I suppose I could try a solar bass. Some of the schecter's look cool. Not a fan of the looks of ibanez basses. sorry....they're just ugly this year. 

Fenders are fine, but they're getting pretty pricey in Canadian dollars. I'm not sure what else is out there that looks cool and doesn't go into the $2500-$5k CAD range. 


thanks dudes!!


----------



## MaxOfMetal (Feb 20, 2021)

What do you consider an "ugly" and "not ugly" bass?

Almost everything comes in a 5-string format these days, so assuming you don't think your existing bass is ugly, get one of those with another string. 

Honestly, don't sweat the 34" vs. 35". It's not a huge difference.


----------



## thebeesknees22 (Feb 20, 2021)

lol, I figured that question would come after I posted it, but I didn't feel like editing my original post.

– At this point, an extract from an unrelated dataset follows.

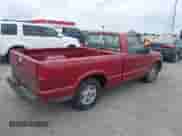 1996 Chevrolet S-10 with VIN 1GCCS1445TK201136, listed as a IAAI auction lot 42440134 with 223,301 mi miles and . Bid and sale history available at DreamBid. Image 4.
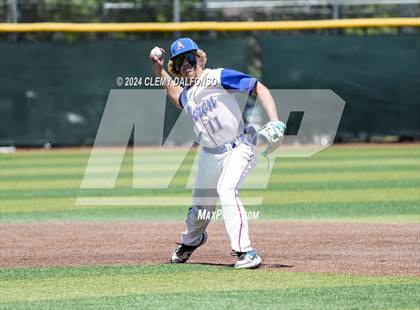 Thumbnail 3 in Akron vs Flatirons Academy (CHSAA 1A Semi Finals) photogallery.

So my current basses: (which I love)
4 string Sterling. Natural/burst type finish. 
4 string Fender Jaguar (which I love the offset body style)
4 string Line6 variax bass looool. (it was my first bass and i got it on clearance for $400. It was a good bass to learn on, but I kinda hate the piezo fake sound...but it works well when tuned super low. Looks are ok. Basic. Balance and neck feel are actually really great suprisingly)


Also Not ugly:
Some of the schecter's look cool
C-5 Apocalypse
Riot-5 Bass -is kiiinda interesting in a way. In a way kind of not.
Dingwalls are kind of ok but expensive
Skervesen bronto and chicken hawk basses are insane, but I don't want to go full custom on a bass....yet. (I will.....someday... get a chicken hawk though... they're super awesome looking imho...but I'm sure they cost as much as a cheap car lol)
Thunderbird basses (or that style like the ESP versions are cool.)
B-1005 MULTI-SCALE - ESP looks alright
There's a pic of a seafoam green GB bass on the ESP, but i guess it's not available anymore because it's not an option if you click on it. I'm a huge fan of seafoam green though. 
etc.... 
Mayones BE series looks ok. 

Ugly: (apologies if anyone likes these)
Ibanez basses... the whole line. Is just...not my thing
Jackson basses - mmm not my thing either
Warwick - definitely not my style
Half of the mayones line lol - they're pretty hit and miss. 

borderline:
G&L - the body shapes are kind of ok, but also something seems a little...off on the body shape. Just ever so slightly. 


Ideal most wanted:
skerv chickenhawk or bronto, but that ain't happenin' for a few more years. I need to save up for that lol. 
--also: I really someday would like a seafoam green bass. But it has to be just right. I've seen some that are terrible looking and some that are amazing.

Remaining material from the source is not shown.